Pour se rincer le gosier à Pangai, principale agglomération de l'île, le choix est plus que limité : un seul bar-tabac-hôtel-restaurant-casino-bowling-cinéma-dancing-pharmacie-bordel et, accessoi- rement, agence matrimoniale. C'est Le Plat Pays, tenu par Hugo, un ancien de la légion étrangère. Carcasse de viking, figure striée de balafres, ce Bruxellois pure souche cumule les titres de meilleur cultivateur de chanvre indien et de pire cuistot de tout le Pacifique sud. Il s'avère être également le meilleur client de son établissement. Pour le seconder, il peut compter sur madame Suzanne, sa compagne, femme de ménage, videuse, garde du corps, barmaid, couturière, gogo danseuse, jeteuse de sorts, psychanalyste, infirmière, menuisière, conductrice de poids-lourds et, accessoirement, michetonneuse. De plus, cette Réunionnaise aux contours généreux maîtrise à la perfection l'art si subtil du rougail saucisse. Manger un rougail saucisse de madame Suzanne, c'est un peu comme accéder au paradis en Harley-Davidson par la route 66.
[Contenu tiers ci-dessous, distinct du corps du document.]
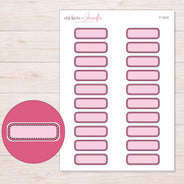 Pink Stitched Quarter Box Label Planner Stickers | F-1213 — 5 × 7 inch sheet and enlarged sticker detail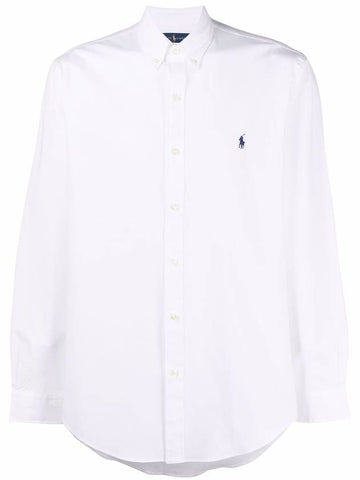 Embroidered Pony Logo Long Sleeve Shirt White - POLO RALPH LAUREN - BALAAN 1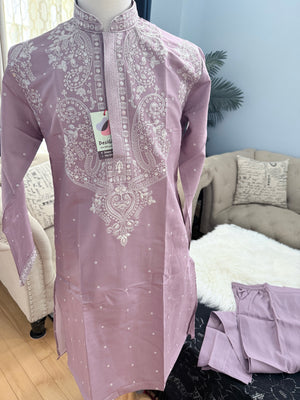 Lavender Shade Trendy Kurta Pajama for Men with Intricate White Embroidery, Wedding & Festive Indian Outfit, KP-1417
Aux abords du centre-ville, je retrouvai donc mon vieux copain qui dorlotait son jardin d'Éden, attifé de son éternel marcel qui fut sans doute blanc au siècle dernier, d'un short beaucoup trop évasé pour endiguer la fuite de ses roustons, les pieds nus dans des rangers qui rappelaient son lointain passé de guerrier sanguinaire. Début d'après-midi, il devait déjà être bien imbibé d'eau-de-vie du Kentucky !

▼ Je pisse sur Eddy Merckx !
♦ J'encule Platini !
▼ Salaud de flamingant !
♦ Enculé de bouffeur d'escargots !
▼ Comment ça va, mon pote ?
♦ Et toi, le mataf, toujours puceau ? Mwââârfff !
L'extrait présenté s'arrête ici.